Zo investeert een consortium van de FAO, de Bill & Melinda Gates Foundation en een reeks overheden van ontwikkelingslanden tussen nu en 2030 een half miljard dollar in het verzamelen en analyseren van gegevens van 500 miljoen kleine boeren in vijftig landen in Afrika, Azië en Latijns-Amerika. De gegevens over zaadvariëteiten, inkomen en technologische capaciteit van de boeren moeten inzicht verschaffen in de effectiviteit van investeringen en het mogelijk maken om beleid aan te passen.
Ook de CGIAR, een internationale associatie van vijftien onafhankelijke publieke centra voor landbouwkundig onderzoek, heeft een platform voor Big Data in het leven geroepen. Anders dan het consortium, dat zich vooral richt op het beleid van overheden en (private) investeerders, richt het CGIAR Platform zich op de boer zelf. Gegevens uit het landbouwkundig onderzoek worden vertaald en aangepast aan lokale omstandigheden, zodat de boer er zijn voordeel mee kan doen.
Daartoe ontwikkelt het CGIAR Platform krachtige analytische modellen die grote hoeveelheden gegevens kunnen combineren over weer, ziekten en plagen en over de prijs van inputs zoals zaaizaden, brandstof, (kunst)mest en bestrijdingsmiddelen. Op basis daarvan zou de boer betere beslissingen moeten kunnen nemen over teeltkeuze en teeltmaatregelen.
Van zaaizaad naar data
Niet alleen overheden en publieke instanties zien de waarde van Big Data voor kleine (en grote) boeren. Bedrijven azen op gegevens die hen in staat stellen zich te bewapenen tegen de grillen van voedsel- en grondstoffenmarkten. Een wereldwijd groeiende middenklasse zorgt voor een stijgende vraag naar luxeproducten als koffie, cacao, palmolie en vanille. Tegelijkertijd zorgen veranderende weersomstandigheden voor hevige fluctuaties in aanbod van deze en andere agrarische producten. De Starbucksen, Nestlés en Olams van deze wereld willen maar wat graag meer grip krijgen op deze golven en investeren daarom flink in databases.

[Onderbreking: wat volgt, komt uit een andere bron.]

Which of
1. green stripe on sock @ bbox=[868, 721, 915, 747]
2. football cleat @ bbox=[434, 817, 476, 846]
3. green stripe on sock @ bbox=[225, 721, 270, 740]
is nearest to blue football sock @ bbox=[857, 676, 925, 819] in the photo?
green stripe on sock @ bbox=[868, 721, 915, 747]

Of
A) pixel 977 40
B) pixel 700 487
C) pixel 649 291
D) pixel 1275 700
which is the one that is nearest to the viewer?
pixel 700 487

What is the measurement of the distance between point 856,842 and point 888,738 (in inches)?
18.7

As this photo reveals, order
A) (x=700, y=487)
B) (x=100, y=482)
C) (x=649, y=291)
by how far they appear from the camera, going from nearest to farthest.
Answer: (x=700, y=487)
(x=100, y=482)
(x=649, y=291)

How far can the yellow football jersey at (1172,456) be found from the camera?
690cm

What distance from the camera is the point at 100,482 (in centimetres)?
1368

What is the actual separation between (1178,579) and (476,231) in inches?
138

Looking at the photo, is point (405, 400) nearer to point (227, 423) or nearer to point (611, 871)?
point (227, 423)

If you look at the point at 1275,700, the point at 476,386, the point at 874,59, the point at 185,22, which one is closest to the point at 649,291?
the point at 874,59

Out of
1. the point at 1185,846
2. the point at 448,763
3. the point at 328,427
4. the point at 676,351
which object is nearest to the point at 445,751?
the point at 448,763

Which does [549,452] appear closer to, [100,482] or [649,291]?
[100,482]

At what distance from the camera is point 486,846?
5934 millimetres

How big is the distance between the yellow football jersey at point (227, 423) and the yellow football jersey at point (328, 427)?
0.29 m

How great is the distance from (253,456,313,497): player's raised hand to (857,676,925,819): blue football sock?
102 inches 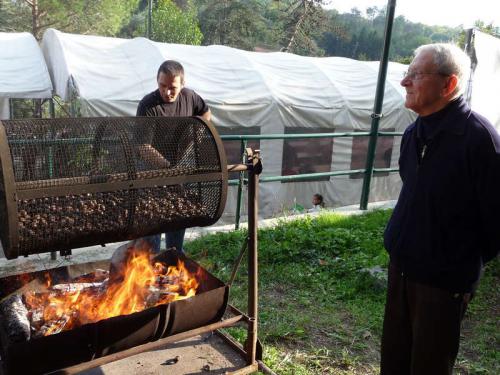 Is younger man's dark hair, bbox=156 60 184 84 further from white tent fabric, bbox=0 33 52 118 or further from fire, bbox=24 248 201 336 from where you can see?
white tent fabric, bbox=0 33 52 118

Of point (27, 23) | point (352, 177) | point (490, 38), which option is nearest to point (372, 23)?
point (27, 23)

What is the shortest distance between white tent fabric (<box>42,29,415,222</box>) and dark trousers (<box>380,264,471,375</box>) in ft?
31.3

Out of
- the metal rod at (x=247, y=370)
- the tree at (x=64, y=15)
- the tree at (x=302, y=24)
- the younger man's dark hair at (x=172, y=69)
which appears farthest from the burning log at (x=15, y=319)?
the tree at (x=302, y=24)

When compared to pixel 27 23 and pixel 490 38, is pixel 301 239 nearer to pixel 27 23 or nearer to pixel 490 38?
pixel 490 38

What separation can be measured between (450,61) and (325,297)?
2.61 m

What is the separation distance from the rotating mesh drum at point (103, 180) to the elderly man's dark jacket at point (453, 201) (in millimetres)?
1062

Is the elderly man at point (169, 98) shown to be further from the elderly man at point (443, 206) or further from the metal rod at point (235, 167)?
the elderly man at point (443, 206)

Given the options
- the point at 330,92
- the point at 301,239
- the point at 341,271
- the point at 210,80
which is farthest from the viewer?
the point at 330,92

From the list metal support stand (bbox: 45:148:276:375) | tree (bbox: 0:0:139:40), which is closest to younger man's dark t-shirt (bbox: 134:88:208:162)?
metal support stand (bbox: 45:148:276:375)

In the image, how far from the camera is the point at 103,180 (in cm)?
225

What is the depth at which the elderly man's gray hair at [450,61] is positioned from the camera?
227 cm

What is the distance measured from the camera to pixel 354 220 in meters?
6.38

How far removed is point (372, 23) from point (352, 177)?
66.2 meters

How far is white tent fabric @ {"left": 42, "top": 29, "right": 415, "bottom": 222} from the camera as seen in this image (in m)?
11.4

De groeiende vraag naar cijfers die iets kunnen vertellen over de toekomst maken ook de data zelf lucratief. Zo stelde Robb Fraley, pionier van genetisch gemodificeerde gewassen bij Monsanto en tot de overname van het bedrijf door Bayer de chief technology officer, dat het hem niet zou verbazen als het bedrijf in de toekomst niet meer in uitgangsmateriaal en bestrijdingsmiddelen zou handelen, maar in gegevens over landbouw en voedsel. Dat het kortom een ICT-bedrijf zou worden.

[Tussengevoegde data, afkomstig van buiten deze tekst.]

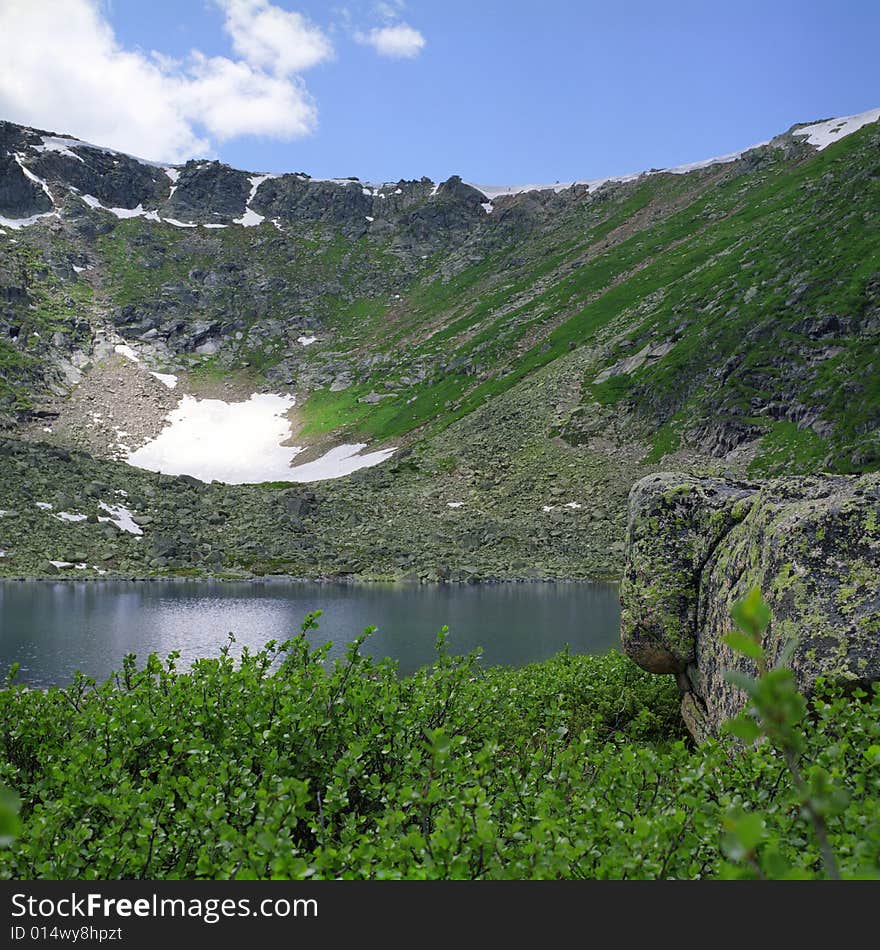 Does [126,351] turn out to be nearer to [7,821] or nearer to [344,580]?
[344,580]

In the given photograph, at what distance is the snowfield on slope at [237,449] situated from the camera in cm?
13475

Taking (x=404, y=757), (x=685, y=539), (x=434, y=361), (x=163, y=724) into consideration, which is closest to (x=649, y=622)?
(x=685, y=539)

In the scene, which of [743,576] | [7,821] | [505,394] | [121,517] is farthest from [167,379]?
[7,821]

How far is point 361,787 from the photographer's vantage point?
7.81 meters

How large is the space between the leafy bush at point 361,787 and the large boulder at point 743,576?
215cm

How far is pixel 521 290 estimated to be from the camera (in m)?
192

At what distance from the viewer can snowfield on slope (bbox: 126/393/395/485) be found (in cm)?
13475

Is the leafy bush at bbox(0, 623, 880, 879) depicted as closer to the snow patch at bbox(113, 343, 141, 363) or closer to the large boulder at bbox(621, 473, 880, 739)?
the large boulder at bbox(621, 473, 880, 739)

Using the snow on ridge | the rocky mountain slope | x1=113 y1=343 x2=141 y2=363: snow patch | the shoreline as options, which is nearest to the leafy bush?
the shoreline

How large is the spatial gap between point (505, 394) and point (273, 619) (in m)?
91.7

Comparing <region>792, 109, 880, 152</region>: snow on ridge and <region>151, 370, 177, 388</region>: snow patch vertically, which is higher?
<region>792, 109, 880, 152</region>: snow on ridge

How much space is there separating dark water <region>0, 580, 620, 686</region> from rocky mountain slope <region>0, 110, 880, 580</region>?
10817 millimetres

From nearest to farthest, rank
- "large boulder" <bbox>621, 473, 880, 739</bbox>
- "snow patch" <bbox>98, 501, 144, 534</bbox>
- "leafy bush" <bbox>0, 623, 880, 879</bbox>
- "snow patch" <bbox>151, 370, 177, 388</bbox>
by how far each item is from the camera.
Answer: "leafy bush" <bbox>0, 623, 880, 879</bbox>
"large boulder" <bbox>621, 473, 880, 739</bbox>
"snow patch" <bbox>98, 501, 144, 534</bbox>
"snow patch" <bbox>151, 370, 177, 388</bbox>

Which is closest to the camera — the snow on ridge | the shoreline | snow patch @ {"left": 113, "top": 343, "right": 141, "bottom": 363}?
the shoreline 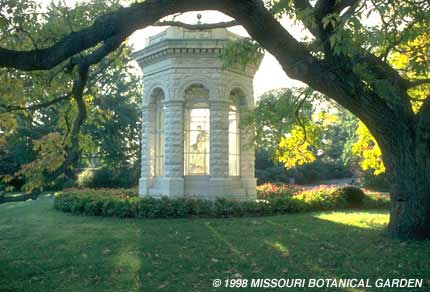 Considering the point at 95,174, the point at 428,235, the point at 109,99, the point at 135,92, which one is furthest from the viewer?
the point at 135,92

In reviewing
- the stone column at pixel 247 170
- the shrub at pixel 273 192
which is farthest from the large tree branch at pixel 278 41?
the shrub at pixel 273 192

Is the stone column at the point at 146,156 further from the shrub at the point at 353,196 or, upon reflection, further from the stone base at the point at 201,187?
the shrub at the point at 353,196

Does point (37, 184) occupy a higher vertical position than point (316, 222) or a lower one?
higher

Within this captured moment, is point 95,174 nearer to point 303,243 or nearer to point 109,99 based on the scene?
point 109,99

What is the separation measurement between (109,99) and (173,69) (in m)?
22.4

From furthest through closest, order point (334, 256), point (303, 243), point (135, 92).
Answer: point (135, 92) → point (303, 243) → point (334, 256)

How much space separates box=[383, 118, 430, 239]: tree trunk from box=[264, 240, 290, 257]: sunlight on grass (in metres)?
2.54

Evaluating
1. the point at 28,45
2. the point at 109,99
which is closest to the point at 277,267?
the point at 28,45

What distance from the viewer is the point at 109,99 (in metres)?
38.1

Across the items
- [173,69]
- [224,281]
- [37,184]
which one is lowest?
[224,281]

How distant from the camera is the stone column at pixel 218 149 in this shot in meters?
16.7

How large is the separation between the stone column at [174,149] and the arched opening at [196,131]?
115 cm

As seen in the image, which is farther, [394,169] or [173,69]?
[173,69]

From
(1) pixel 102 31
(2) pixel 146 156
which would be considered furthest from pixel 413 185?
(2) pixel 146 156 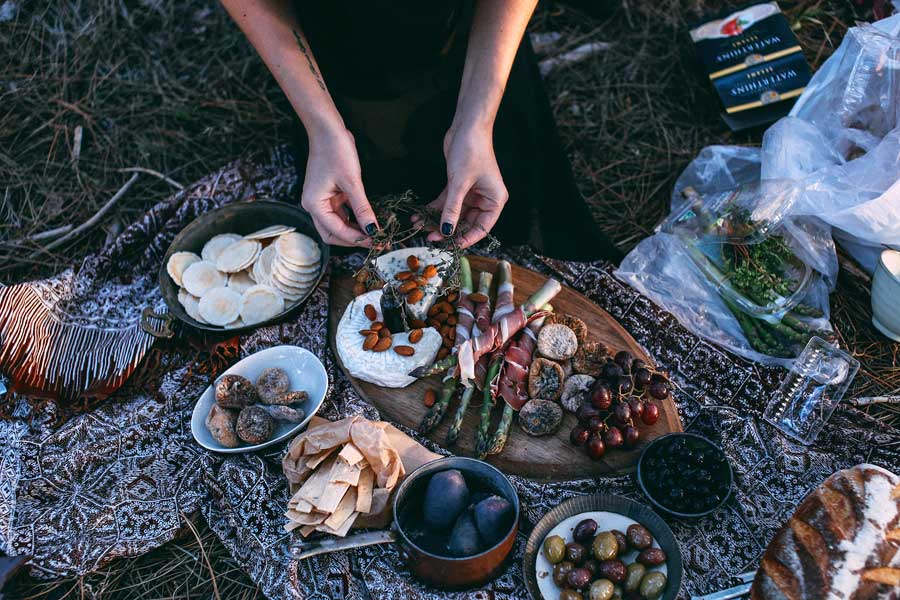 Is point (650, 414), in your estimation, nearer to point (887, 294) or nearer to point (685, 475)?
point (685, 475)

Schietschijf voor marketeers
Bayer/Monsanto is net als veel andere toeleverende bedrijven geïnteresseerd in data die inzicht geven in het gedrag van hun afnemers; de boeren. De Amerikaanse fabrikant van landbouwmachines John Deere heeft bijvoorbeeld het open data platform MyJohnDeere gelanceerd en de app Mobile Farm Manager. Daarmee kunnen boeren nagaan welke gewassen het beste waar en wanneer geplant kunnen worden, en waar en wanneer er bemest, geploegd of gespoten moet worden. Dit alles om de productiviteit te verbeteren en zo het inkomen van de boer te verhogen.
Die data dragen echter niet alleen bij aan de portemonnee van de boer. Via sensoren en meetinstrumenten op haar machines verbindt John Deere de appende boer met verkopers van kunstmest en bestrijdingsmiddelen, handelaren in gereedschappen en machines en landbouwconsulenten, die precies op het juiste moment aanschuiven aan de keukentafel om de boer een aanbod te doen of van advies te dienen.
Het verzamelen van gegevens blijft niet beperkt tot grote, kapitaalkrachtige boeren. Ook het eerdergenoemde Tata Consultancy Services stopt haar onderliggende doel niet onder stoelen of banken. De gegevens die ze krijgt van Indiase boeren, stellen het bedrijf in staat om diensten en producten op maat aan te bieden. Niet toevallig is TCS onderdeel van de Tata-groep, een conglomeraat waar bedrijven toe behoren als Tata Chemicals, fabrikant van bestrijdingsmiddelen, Tata Steel dat onder meer landbouwmachines produceert en Tata Beverages, een wereldwijde speler in koffie, thee en flessenwater.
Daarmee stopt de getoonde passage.